=== Extracted records ===
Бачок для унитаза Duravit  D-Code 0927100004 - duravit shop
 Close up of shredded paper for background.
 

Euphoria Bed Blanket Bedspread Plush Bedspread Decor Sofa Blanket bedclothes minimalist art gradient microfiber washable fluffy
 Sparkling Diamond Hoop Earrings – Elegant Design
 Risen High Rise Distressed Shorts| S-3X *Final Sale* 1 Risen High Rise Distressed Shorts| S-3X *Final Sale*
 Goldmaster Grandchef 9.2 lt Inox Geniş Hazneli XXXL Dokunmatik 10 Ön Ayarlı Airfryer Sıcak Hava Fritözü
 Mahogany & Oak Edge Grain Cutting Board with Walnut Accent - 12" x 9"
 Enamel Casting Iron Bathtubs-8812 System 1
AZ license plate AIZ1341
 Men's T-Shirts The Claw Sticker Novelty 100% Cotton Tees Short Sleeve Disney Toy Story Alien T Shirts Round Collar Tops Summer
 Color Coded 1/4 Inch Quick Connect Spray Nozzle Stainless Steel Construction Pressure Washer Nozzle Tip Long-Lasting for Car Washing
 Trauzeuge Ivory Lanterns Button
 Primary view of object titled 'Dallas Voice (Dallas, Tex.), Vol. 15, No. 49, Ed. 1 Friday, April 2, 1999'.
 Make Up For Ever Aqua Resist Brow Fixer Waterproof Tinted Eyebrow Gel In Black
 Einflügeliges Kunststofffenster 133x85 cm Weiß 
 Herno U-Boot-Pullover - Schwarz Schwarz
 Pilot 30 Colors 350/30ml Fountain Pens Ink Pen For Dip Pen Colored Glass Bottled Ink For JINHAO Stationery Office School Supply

=== Task to complete ===
Give every entry in the listing above again, exactly as written.

=== Response ===
Бачок для унитаза Duravit  D-Code 0927100004 - duravit shop
 Close up of shredded paper for background.
 

Euphoria Bed Blanket Bedspread Plush Bedspread Decor Sofa Blanket bedclothes minimalist art gradient microfiber washable fluffy
 Sparkling Diamond Hoop Earrings – Elegant Design
 Risen High Rise Distressed Shorts| S-3X *Final Sale* 1 Risen High Rise Distressed Shorts| S-3X *Final Sale*
 Goldmaster Grandchef 9.2 lt Inox Geniş Hazneli XXXL Dokunmatik 10 Ön Ayarlı Airfryer Sıcak Hava Fritözü
 Mahogany & Oak Edge Grain Cutting Board with Walnut Accent - 12" x 9"
 Enamel Casting Iron Bathtubs-8812 System 1
AZ license plate AIZ1341
 Men's T-Shirts The Claw Sticker Novelty 100% Cotton Tees Short Sleeve Disney Toy Story Alien T Shirts Round Collar Tops Summer
 Color Coded 1/4 Inch Quick Connect Spray Nozzle Stainless Steel Construction Pressure Washer Nozzle Tip Long-Lasting for Car Washing
 Trauzeuge Ivory Lanterns Button
 Primary view of object titled 'Dallas Voice (Dallas, Tex.), Vol. 15, No. 49, Ed. 1 Friday, April 2, 1999'.
 Make Up For Ever Aqua Resist Brow Fixer Waterproof Tinted Eyebrow Gel In Black
 Einflügeliges Kunststofffenster 133x85 cm Weiß 
 Herno U-Boot-Pullover - Schwarz Schwarz
 Pilot 30 Colors 350/30ml Fountain Pens Ink Pen For Dip Pen Colored Glass Bottled Ink For JINHAO Stationery Office School Supply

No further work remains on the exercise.